Classification is about predicting a categorical label. Example: Predicting if an email is spam or not.

**Real-life use case:** Diagnosing diseases (e.g., predicting if a tumor is malignant or benign).

In [None]:
# Split data into train and test sets
X = X_scaled
y = df['target']
X_train, X_test, y_train, y_test = train_test_split(X, y, test_size=0.2, random_state=42)

# Train a logistic regression classifier
clf = LogisticRegression(max_iter=200)
clf.fit(X_train, y_train)
y_pred = clf.predict(X_test)

# Evaluate the classifier
print('Accuracy:', accuracy_score(y_test, y_pred))
print('Classification Report:
', classification_report(y_test, y_pred))

# Confusion matrix
cm = confusion_matrix(y_test, y_pred)
sns.heatmap(cm, annot=True, fmt='d', cmap='Blues')
plt.title('Confusion Matrix')
plt.xlabel('Predicted')
plt.ylabel('Actual')
plt.show()

## 6. Supervised Learning: Regression

Regression predicts a continuous value. Example: Predicting house prices.

**Real-life use case:** Forecasting sales revenue for the next quarter.

In [None]:
# Example: Linear regression on Boston housing data (deprecated, so we simulate data)
from sklearn.datasets import make_regression
X_reg, y_reg = make_regression(n_samples=200, n_features=3, noise=10, random_state=42)
X_train, X_test, y_train, y_test = train_test_split(X_reg, y_reg, test_size=0.2, random_state=42)

reg = LinearRegression()
reg.fit(X_train, y_train)
y_pred = reg.predict(X_test)

# Evaluate regression
mse = mean_squared_error(y_test, y_pred)
print('Mean Squared Error:', mse)
plt.scatter(y_test, y_pred, alpha=0.7)
plt.xlabel('Actual')
plt.ylabel('Predicted')
plt.title('Regression: Actual vs Predicted')
plt.plot([y_test.min(), y_test.max()], [y_test.min(), y_test.max()], 'r--')
plt.show()

## 7. Unsupervised Learning: Clustering

Clustering groups similar data points together without labels. Example: Customer segmentation.

**Real-life use case:** Grouping customers by purchasing behavior for targeted marketing.

In [None]:
# Example: KMeans clustering
X_blobs, y_blobs = make_blobs(n_samples=200, centers=3, n_features=2, random_state=42)
kmeans = KMeans(n_clusters=3, random_state=42)
clusters = kmeans.fit_predict(X_blobs)

plt.scatter(X_blobs[:, 0], X_blobs[:, 1], c=clusters, cmap='viridis', alpha=0.7)
plt.scatter(kmeans.cluster_centers_[:, 0], kmeans.cluster_centers_[:, 1], c='red', marker='x', s=100)
plt.title('KMeans Clustering Example')
plt.xlabel('Feature 1')
plt.ylabel('Feature 2')
plt.show()

## 8. Model Evaluation and Metrics

Evaluating model performance is crucial.
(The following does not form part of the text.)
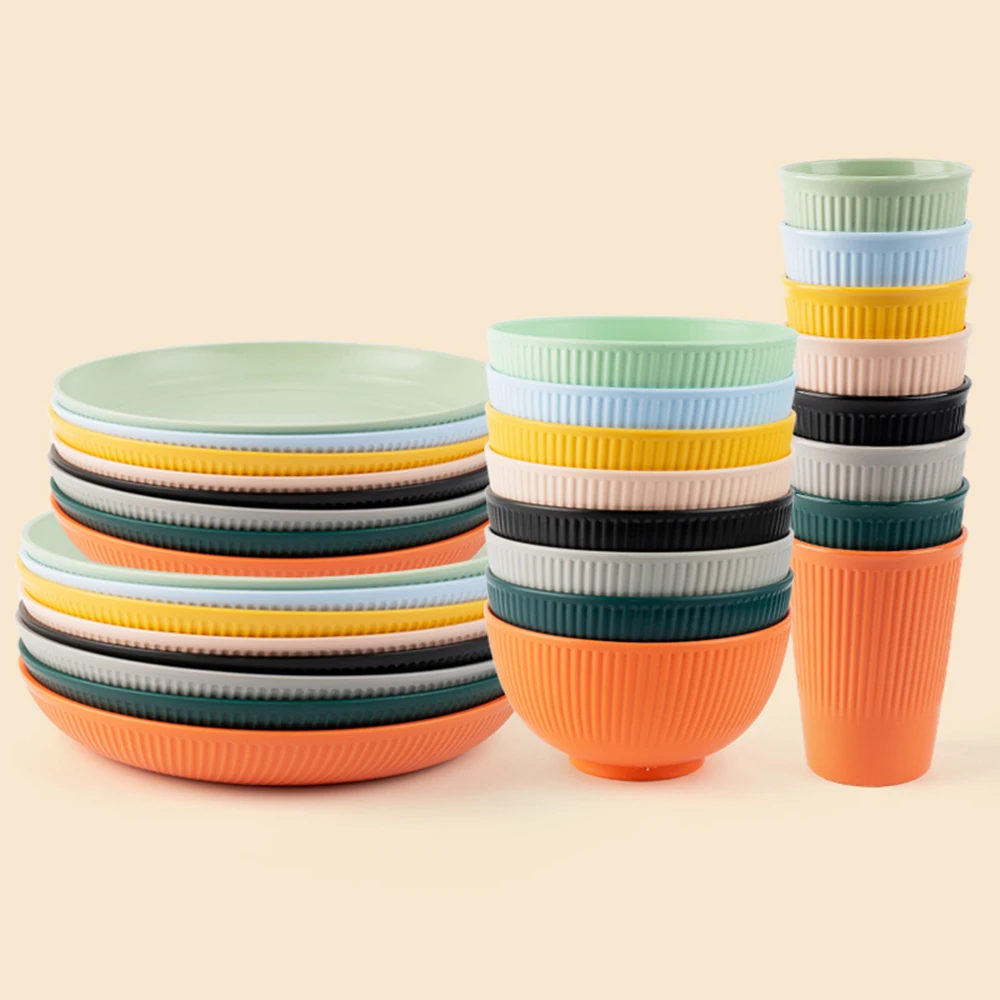 Camping Cooking And Eating Set - Set di posate in paglia di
Common metrics include accuracy, precision, recall, F1-score (for classification), and mean squared error (for regression).
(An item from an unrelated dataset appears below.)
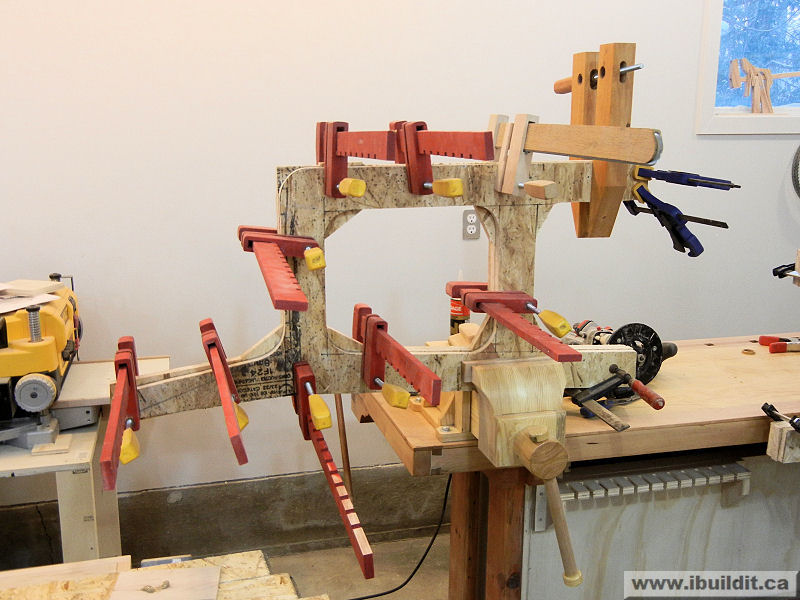 How To Make A Stool From OSB - IBUILDIT.CA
**Real-life use case:** Comparing different models to select the best one for predicting loan defaults.

In [None]:
# Example: Compare Decision Tree and Logistic Regression on Iris
dt = DecisionTreeClassifier(random_state=42)
dt.fit(X_train, y_train)
y_pred_dt = dt.predict(X_test)
print('Decision Tree Accuracy:', accuracy_score(y_test, y_pred_dt))
print('Logistic Regression Accuracy:', accuracy_score(y_test, y_pred))

## 9. Real-Life Use Cases

- **Healthcare:** Predicting disease risk from patient data
- **Finance:** Detecting fraudulent transactions
- **Retail:** Recommending products to customers
- **Transportation:** Predicting traffic congestion
- **Agriculture:** Forecasting crop yields using weather and soil data

## Practice Exercises

1. Try a different classifier (e.g., DecisionTree, SVC) on the Iris dataset and compare results.
2. Use a real dataset (e.g., from UCI or Kaggle) and build a regression model.
3. Perform clustering on a dataset of your choice and visualize the clusters.
4. Experiment with feature scaling and observe its effect on model performance.
5. Explore model evaluation metrics beyond accuracy (e.g., ROC-AUC, confusion matrix).